### Exercise goal
Return the data below unchanged. Drop any pictures.

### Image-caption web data
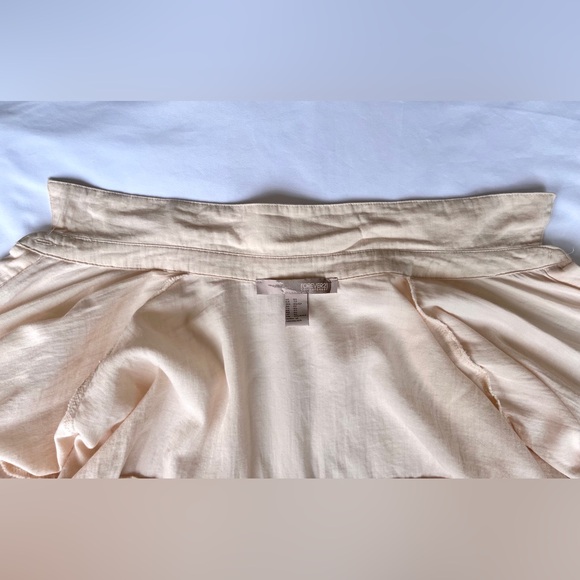 * F21 | Oversized Cream Button-down Cotton Shirt - Picture 13 of 16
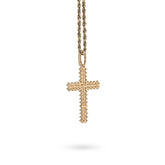 Pure 10k Yellow Gold 1.2CTW Natural Diamond Cluster Cross Pendant 2.2gms Charm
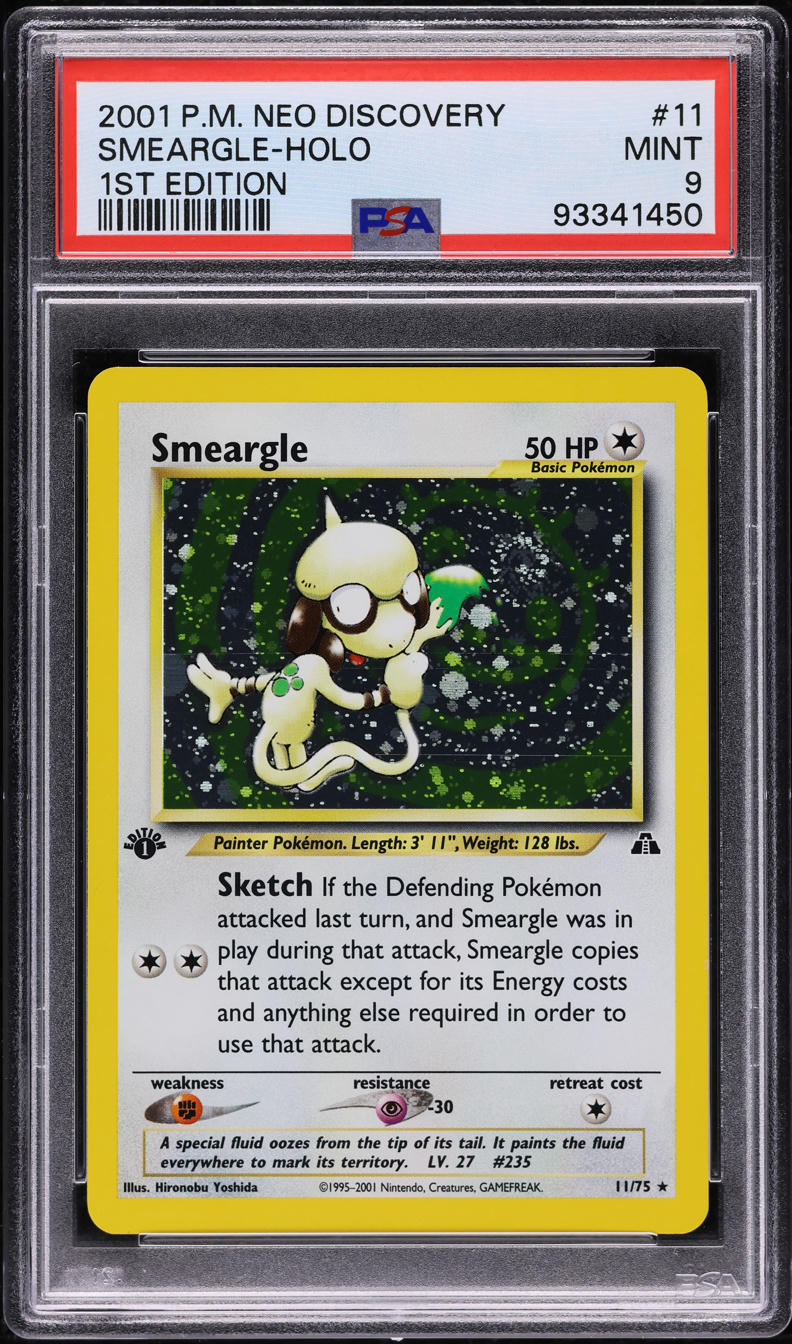 2001 Pokemon Neo Discovery 1st Edition Holo Smeargle #11 PSA 9 MINT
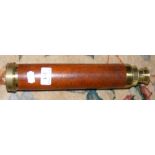 An antique wooden and brass four draw telescope by J W Watkins, London - 108cm fully extended
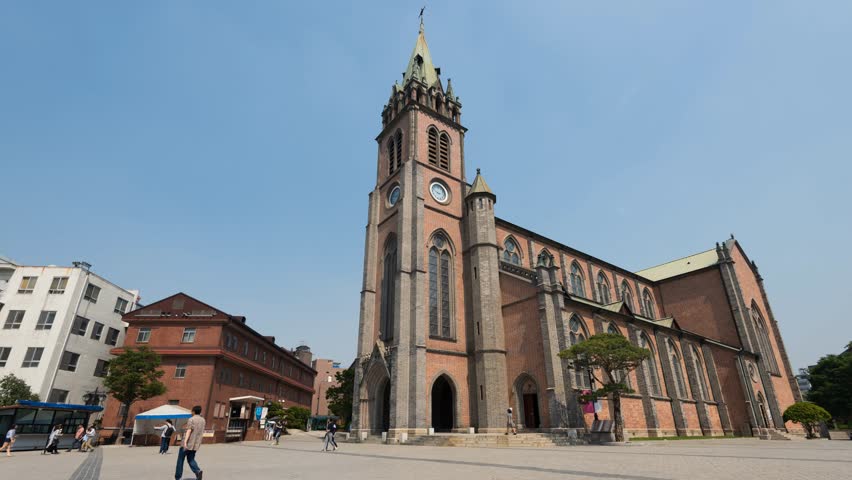 Timelapse of Myeongdong Cathedral In Seoul, South Korea.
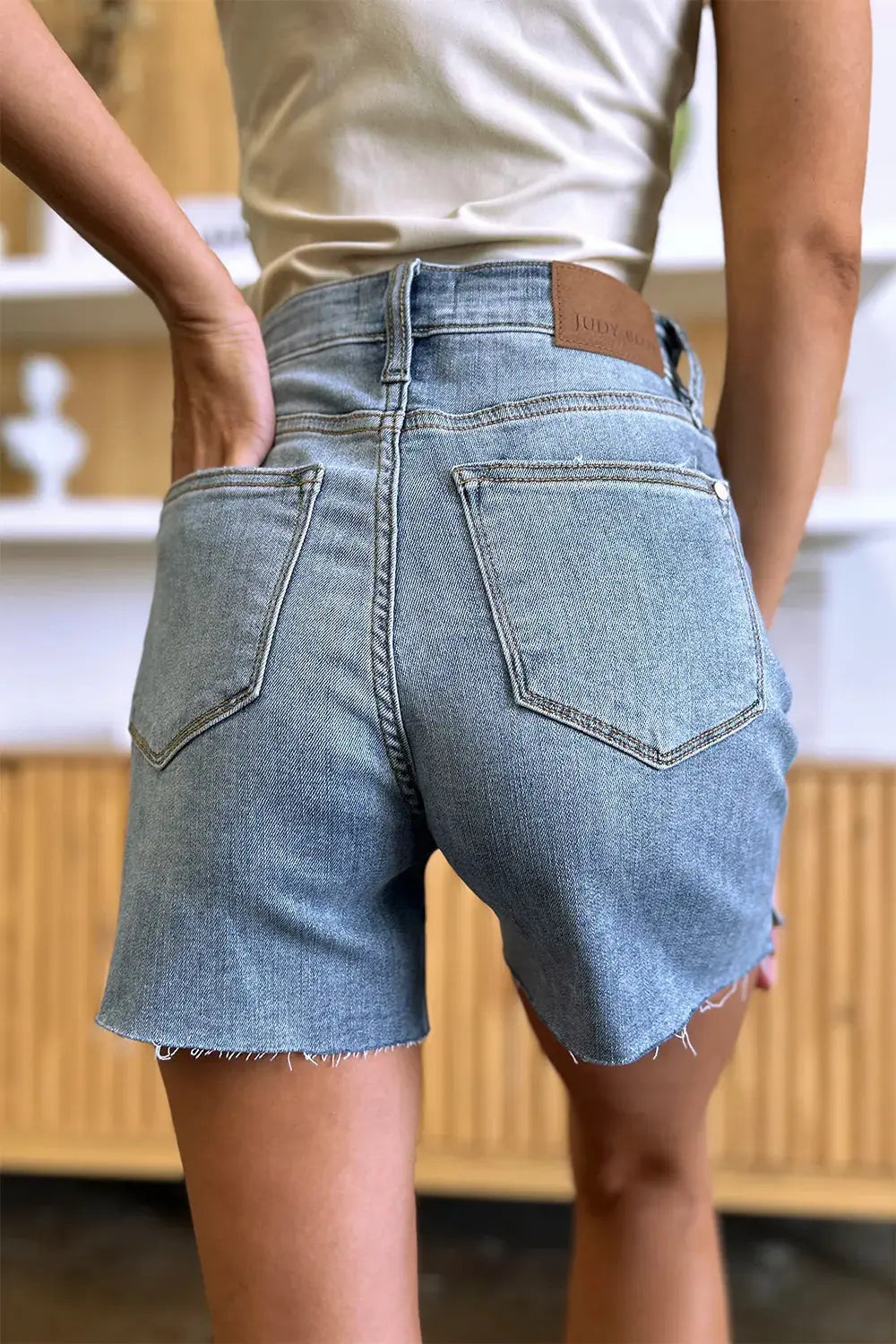 Judy Blue Jeans - Full Size High Waist Raw Hem Denim Shorts - Be Bliss Boutique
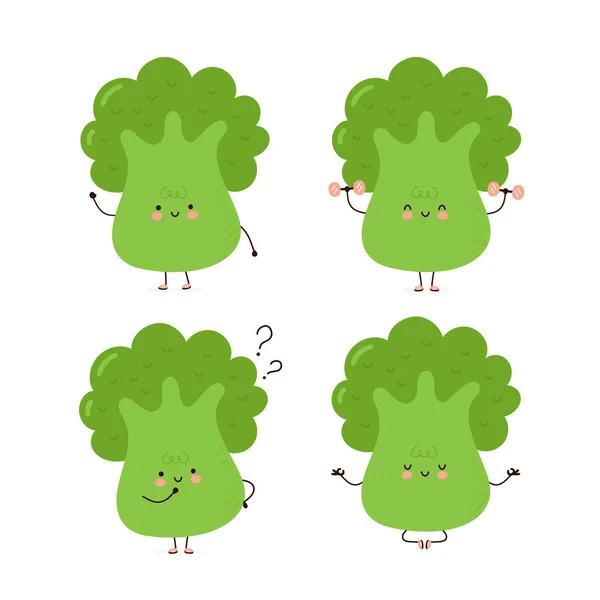 Lindo juego de caracteres de brócoli feliz colección — Vector de stock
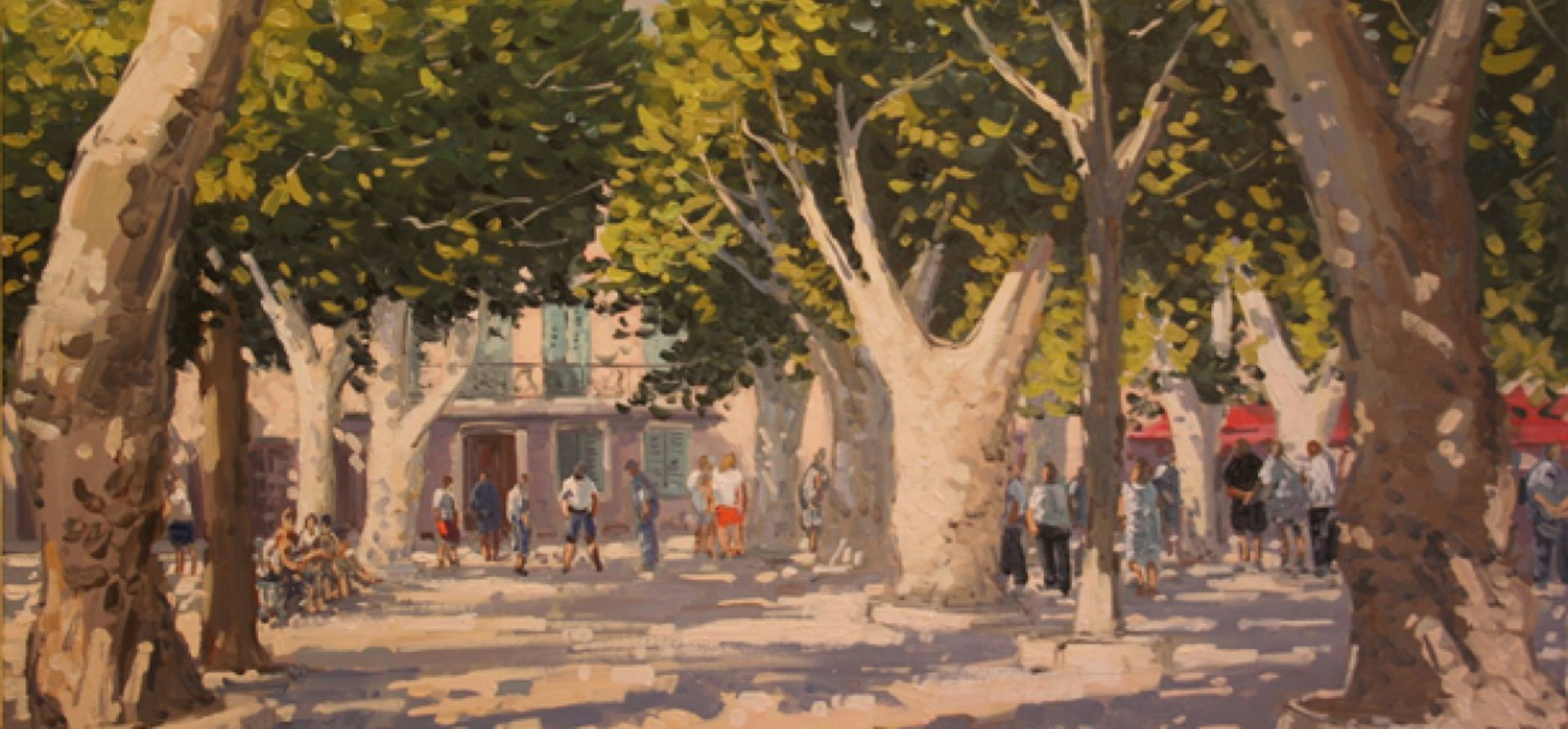 Tableau place du village Galerie Mougins Art Prestige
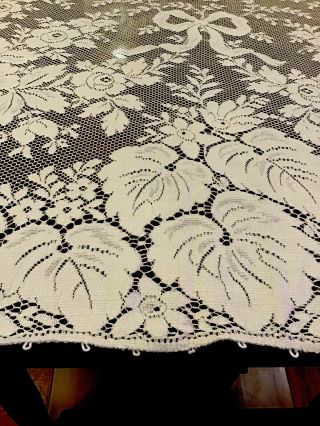 Vintage Quaker Lace Off White Rectangle Tablecloth 47” x 66” USA 5090 2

### Expected answer
 * F21 | Oversized Cream Button-down Cotton Shirt - Picture 13 of 16
 Pure 10k Yellow Gold 1.2CTW Natural Diamond Cluster Cross Pendant 2.2gms Charm
 2001 Pokemon Neo Discovery 1st Edition Holo Smeargle #11 PSA 9 MINT
 An antique wooden and brass four draw telescope by J W Watkins, London - 108cm fully extended
 Timelapse of Myeongdong Cathedral In Seoul, South Korea.
 Judy Blue Jeans - Full Size High Waist Raw Hem Denim Shorts - Be Bliss Boutique
 Lindo juego de caracteres de brócoli feliz colección — Vector de stock
 Tableau place du village Galerie Mougins Art Prestige
 Vintage Quaker Lace Off White Rectangle Tablecloth 47” x 66” USA 5090 2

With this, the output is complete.